▸ Description of the task:
In the records below, the line that contains "6 Polo Club Lounge Pants 1 size S, ..." marks the start. Copy it and each line after it through the end, exactly, without pictures.

#### Supplied records

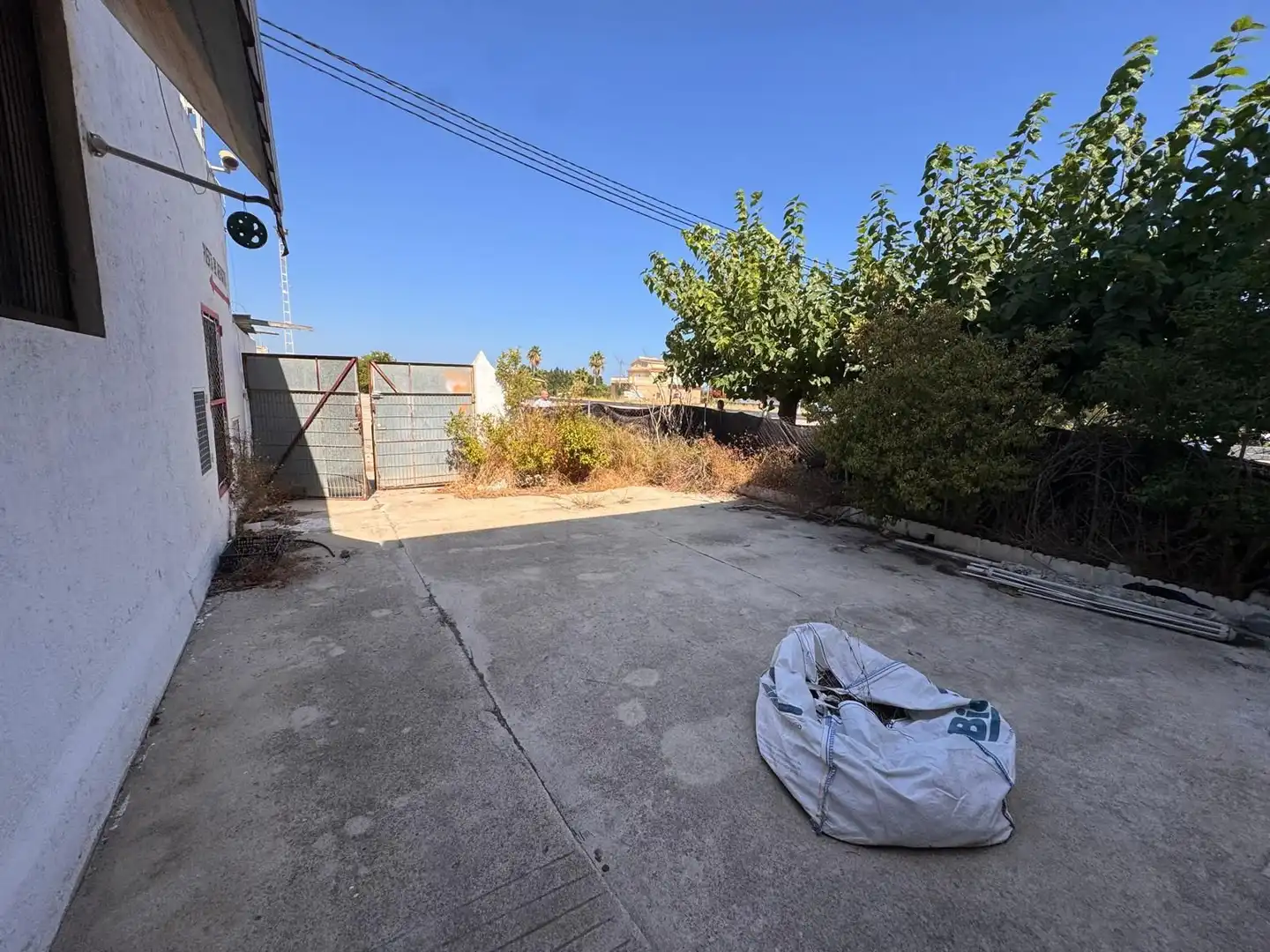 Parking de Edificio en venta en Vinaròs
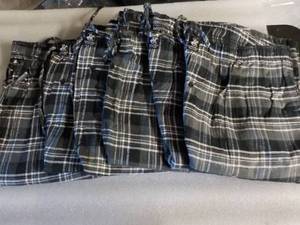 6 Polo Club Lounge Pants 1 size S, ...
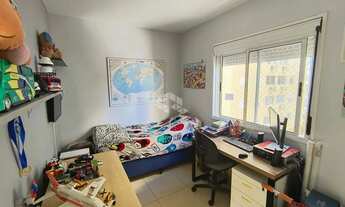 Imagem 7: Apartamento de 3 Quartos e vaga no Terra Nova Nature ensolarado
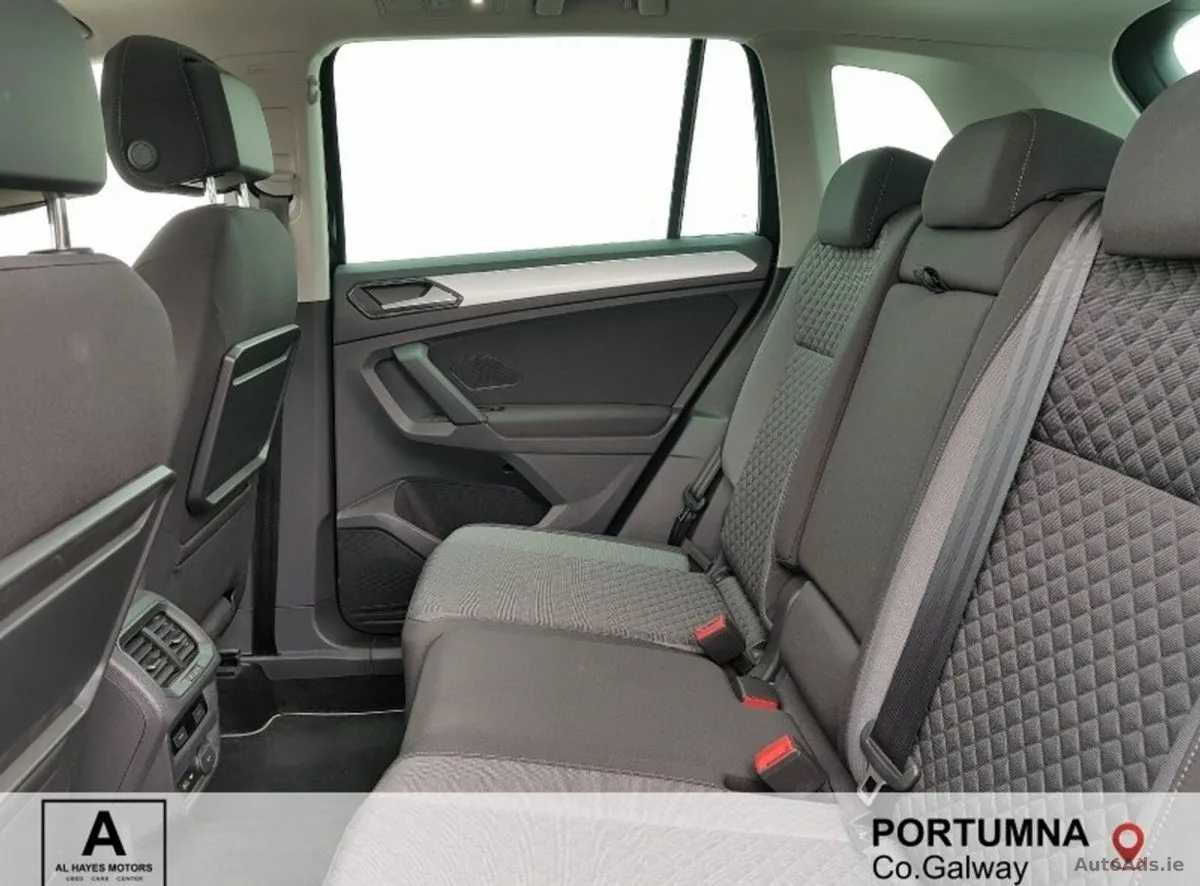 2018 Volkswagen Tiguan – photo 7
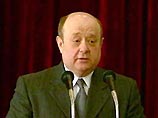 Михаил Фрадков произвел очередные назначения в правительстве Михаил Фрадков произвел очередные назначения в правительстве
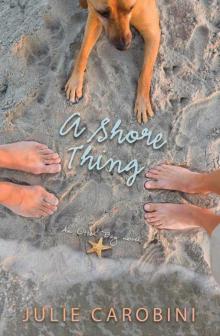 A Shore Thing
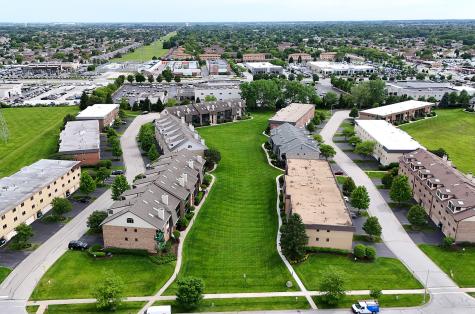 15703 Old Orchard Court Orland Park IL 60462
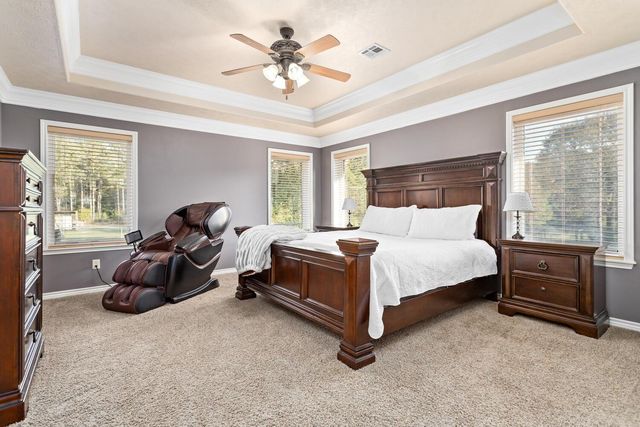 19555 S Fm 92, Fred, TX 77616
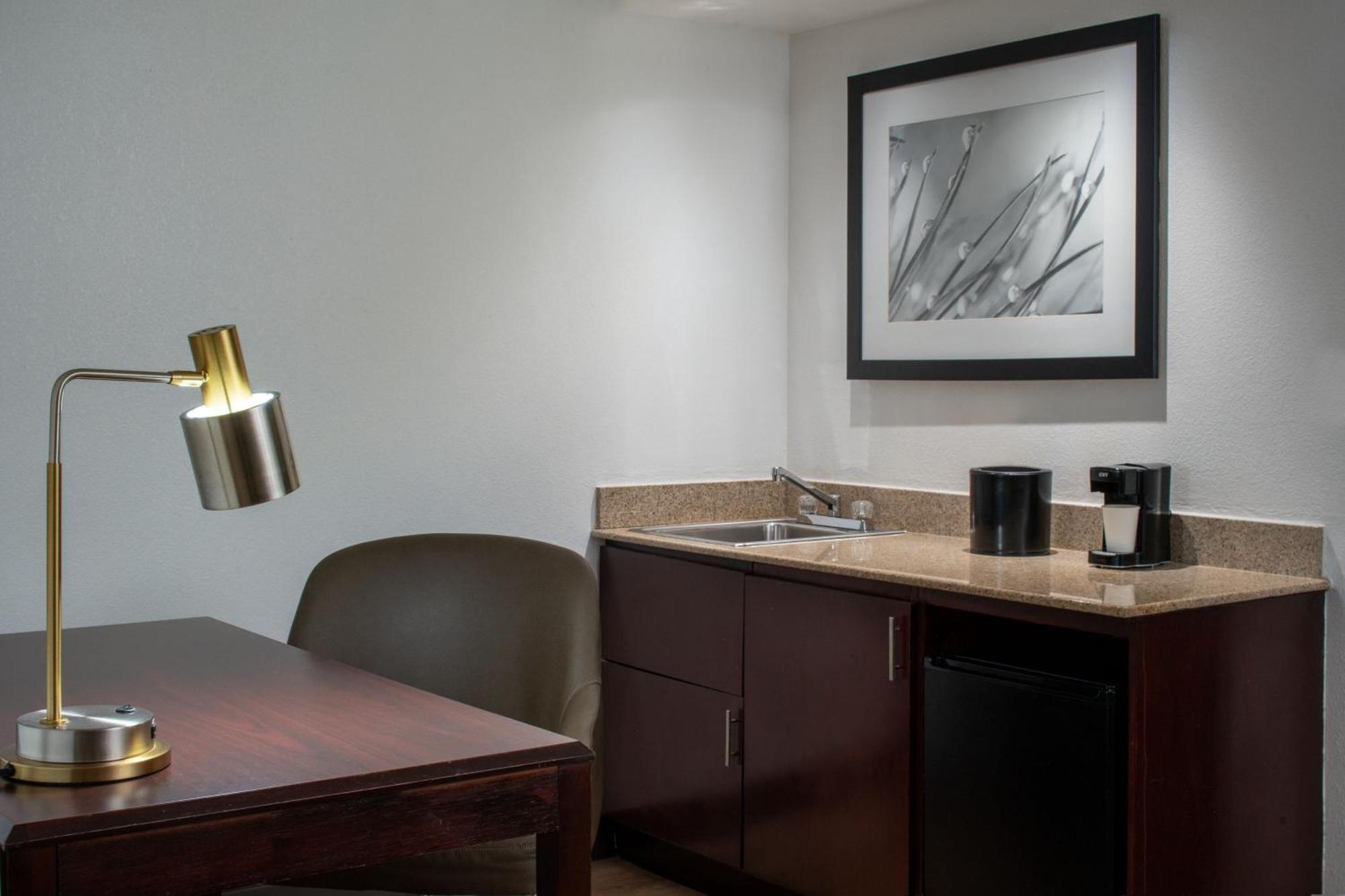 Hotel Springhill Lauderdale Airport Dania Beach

########

▸ Output of the exercise:
 6 Polo Club Lounge Pants 1 size S, ...
 Imagem 7: Apartamento de 3 Quartos e vaga no Terra Nova Nature ensolarado
 2018 Volkswagen Tiguan – photo 7
 Михаил Фрадков произвел очередные назначения в правительстве Михаил Фрадков произвел очередные назначения в правительстве
 A Shore Thing
 15703 Old Orchard Court Orland Park IL 60462
 19555 S Fm 92, Fred, TX 77616
 Hotel Springhill Lauderdale Airport Dania Beach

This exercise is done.